A prospective trial was conducted to see if modulated electro-hyperthermia (mEHT) might be used as a boost to preoperative chemoradiation in patients with locally advanced rectal cancer. With the addition of mEHT, a relatively low dose of 40 Gy radiation produced equivalent pathologic therapeutic outcomes and manageable toxicity profiles, suggesting that part of the radiation dose could be replaced in neoadjuvant treatment for rectal cancer.
60 patients with histologically proven rectal adenocarcinoma requiring preoperative treatment were age of 19 to 85 years, primary tumor located within 15 cm from anal verge, clinical T3–4 or N+ staged by magnetic resonance (MR) and computed tomography (CT) imaging, Eastern Cooperative Oncology Group performance status ECOG ≤2, no prior pelvic irradiation, and proper function of the bone marrow, kidney, and liver. The initial lymph node status was positive for all cases. The median clinical tumor volume was 52.7 cm3 (range 22.4–233.1 cm3).
Preoperative radiation was delivered by the technique of external beam X-ray from a linear accelerator. The beam energy was 6–15 MV. Three-dimensional planning was performed following a planning CT scan. Three- or four-field technique in the supine position was used depending on the location and the extent of the disease. The clinical target volume included the tumor, the mesorectum, the internal iliac nodes, and presacral nodes up to the sacral promontory level. During treatment, all patients underwent weekly medical examinations with a complete blood count check.
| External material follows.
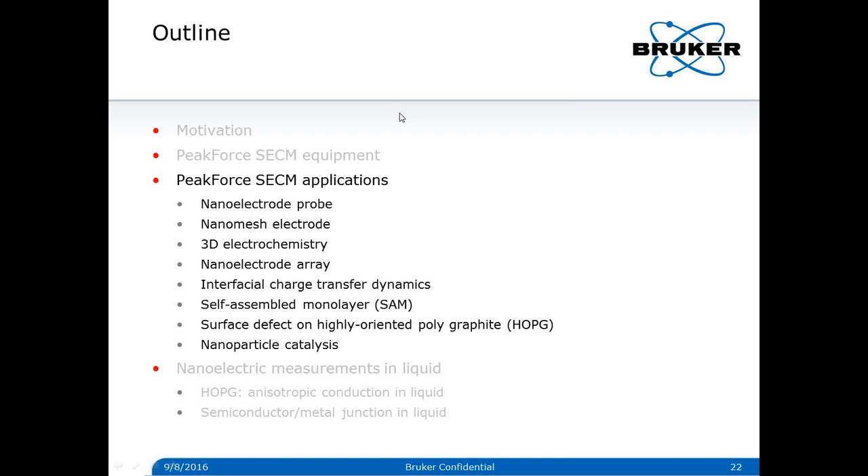Peak Force SECM has been applied to a variety of applications. I will go over them briefly due to time constraints. If you are interested in the details of any application example, please let us know after the webinar and we will follow up with you.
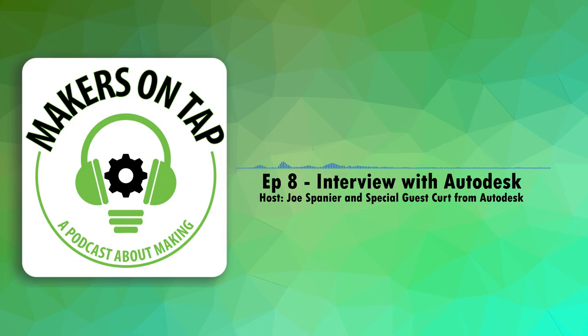All right, we're about out of time. This is Joe for Makers on Tap and Kurt Chan from Autodesk. Thanks for listening guys — we'll catch you with the next interview.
mEHT was performed on a twice-weekly schedule during the radiotherapy period using 13.56 MHz capacitive coupled device (EHY2000). All patients were treated in the supine position. A 30 cm diameter sized electrode was applied as an upper pole, whose center was located on the middle of the clinical target volume to cover the tumor and elective pelvic lymph node area. The duration of mEHT treatment was 60 minutes and the radiotherapy of that day followed immediately within one hour. At the beginning of treatment, the power was started at 100 W during the first 20 min, maintained at least at 120 W for the next 20 min, and fixed at 140 W for the last 20 min. From the subsequent treatment session, the power was constantly fixed at 140 W if there were no toxicity problems.
Treatment-related toxicities were easily tolerated. Hematologic toxicity of Grade 2 or higher was mainly found as leukopenia in 16 patients (26.7%) and neutropenia in 6 patients (10.0%). In the cases of anemia, Grade 2 or higher was observed in 7 patients (11.7%). Genitourinary toxicity was generally low (only one Grade 2 or higher patient), which presented as non-infective cystitis related symptoms. Nineteen patients (31.7%) experienced Grade 2 or higher gastrointestinal toxicities presenting as pelvic pain, nausea, ordiarrhea. There was no Grade 3 or higher non-hematologic toxicity. For heat-related toxicity, the highest was Grade 2 in only one case.
Downstaging and tumor regression
After surgery, T-downstaging was observed in 40 patients (66.7%). Regarding the lymph nodes, N- downstaging occurred in 53 patients (88.3%). The proportion of pathologic complete response for T-stage (ypT0) and N-stage (ypN0) was 15.0% (9 patients) and 76.7% (46 patients), respectively. The patient number of minimal, moderate, near total, and total regression grade for primary tumors was 9 (15.0%), 31 (51.7%), 11 (18.3%), and 9 (15.0%), respectively.
Non-inferior primary tumor regression and excellent lymph node response are sufficient to indicate the mEHT boosts as a useful option for rectal cancer treatment. Radiation was shown to be sufficiently supplemented by mEHT, with acceptable toxicity levels and feasibility in multimodality management. Therefore, mEHT can be combined as a boosting method with radiation. More active mEHT application needs to be attempted with various approaches to improve clinical outcomes from the perspective of non- thermal effects.